START GIVEN DATA

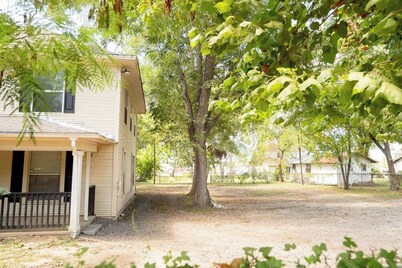 Spacious 6-bedroom house in Hearne with WiFi, AC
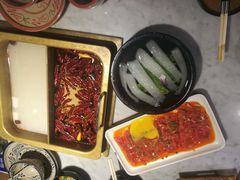 -尚尚仙·酸汤猪手·猪肚鸡火锅(华联万柳购物中心店)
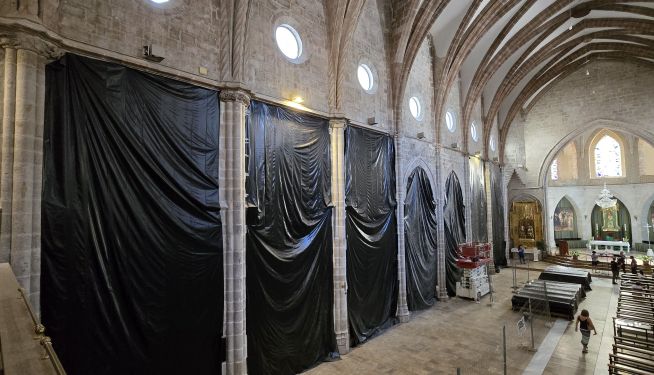 Actuacions a l'interior de la Col·legiata de Gandia.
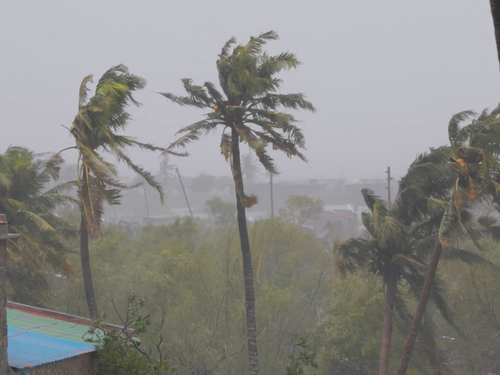 2023 03 12T152747Z 1543160789 RC2FSZ9LIWGT RTRMADP 3 STORM FREDDY MOZAMBIQUE.png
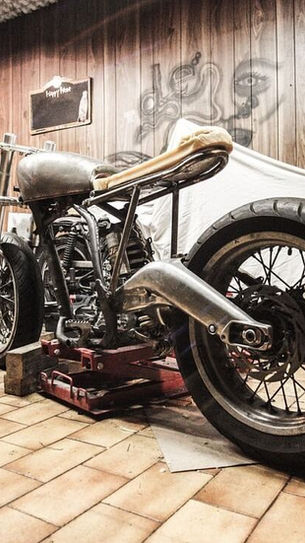 ¿Qué debe tener un kit básico de herramientas para moto?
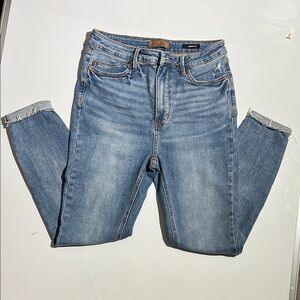 Judy Blue Medium Wash High-Rise Ankle Skinny Jeans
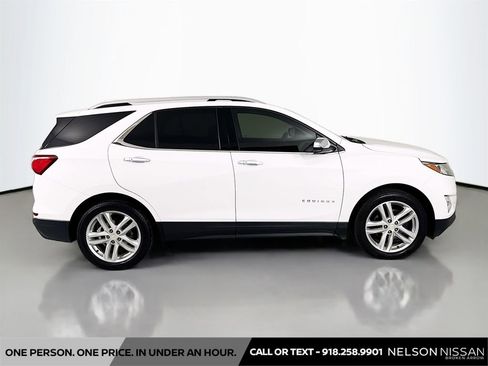 Used 2018 Chevrolet Equinox Premier FWD image 4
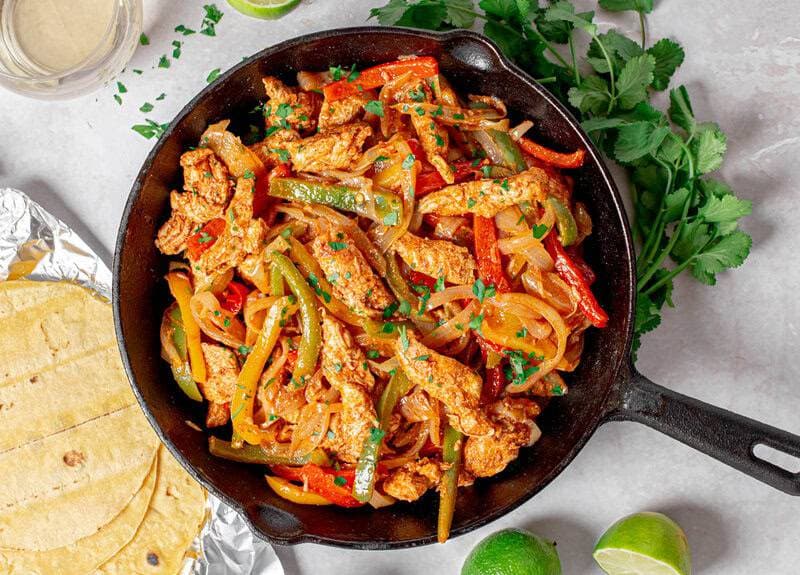 Chicken Fajitas with Lime-Marinated Chicken and Crisp Bell Peppers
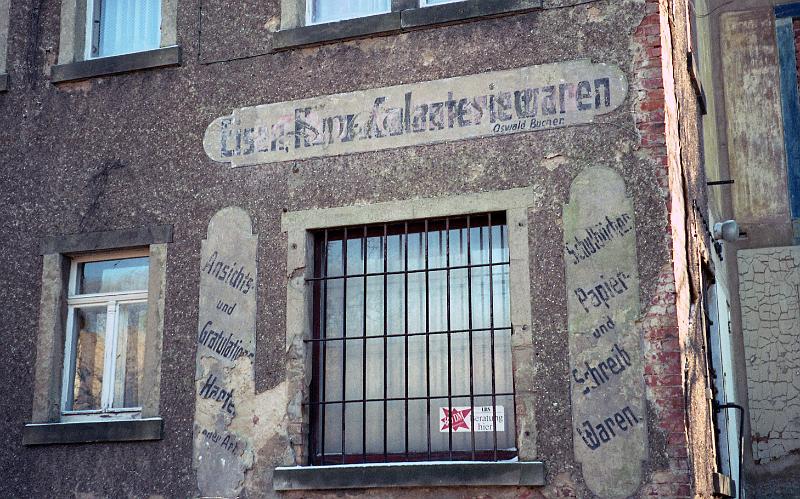 Taubenheim, 31.10.1995 (1).jpg - Eisen- ... Galanteriewaren Oswald Bucher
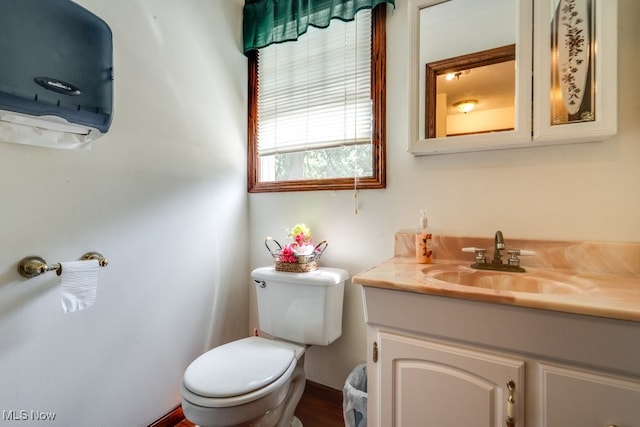 3613 Peninsula Dr, Akron, OH 44319 - bathroom featuring toilet and vanity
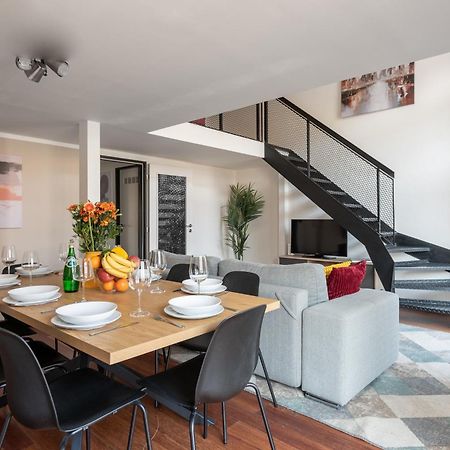 Spacious Apartments Near Karlin Square Прага Экстерьер фото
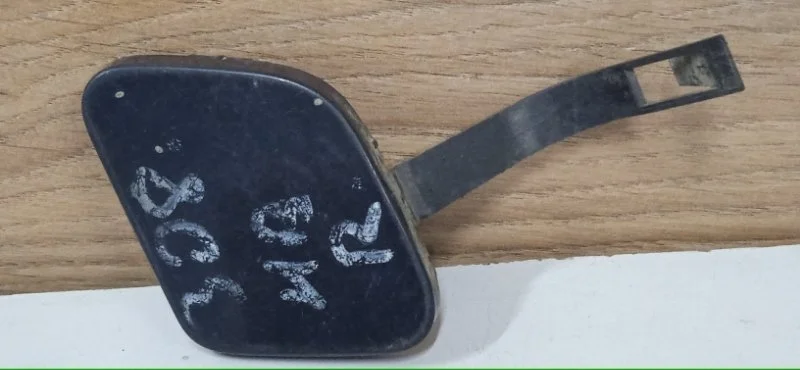 Заглушка буксировочного крюка Peugeot 308 2007-2015 9680443477 T7, задняя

END GIVEN DATA

--- ABOUT THIS TASK ---
Extract word for word every line from the line that contains "Used 2018 Chevrolet" to the final line of the data, both included, and nothing else; skip the pictures.

--- RESPONSE FOR THIS EXERCISE ---
 Used 2018 Chevrolet Equinox Premier FWD image 4
 Chicken Fajitas with Lime-Marinated Chicken and Crisp Bell Peppers
 Taubenheim, 31.10.1995 (1).jpg - Eisen- ... Galanteriewaren Oswald Bucher
 3613 Peninsula Dr, Akron, OH 44319 - bathroom featuring toilet and vanity
 Spacious Apartments Near Karlin Square Прага Экстерьер фото
 Заглушка буксировочного крюка Peugeot 308 2007-2015 9680443477 T7, задняя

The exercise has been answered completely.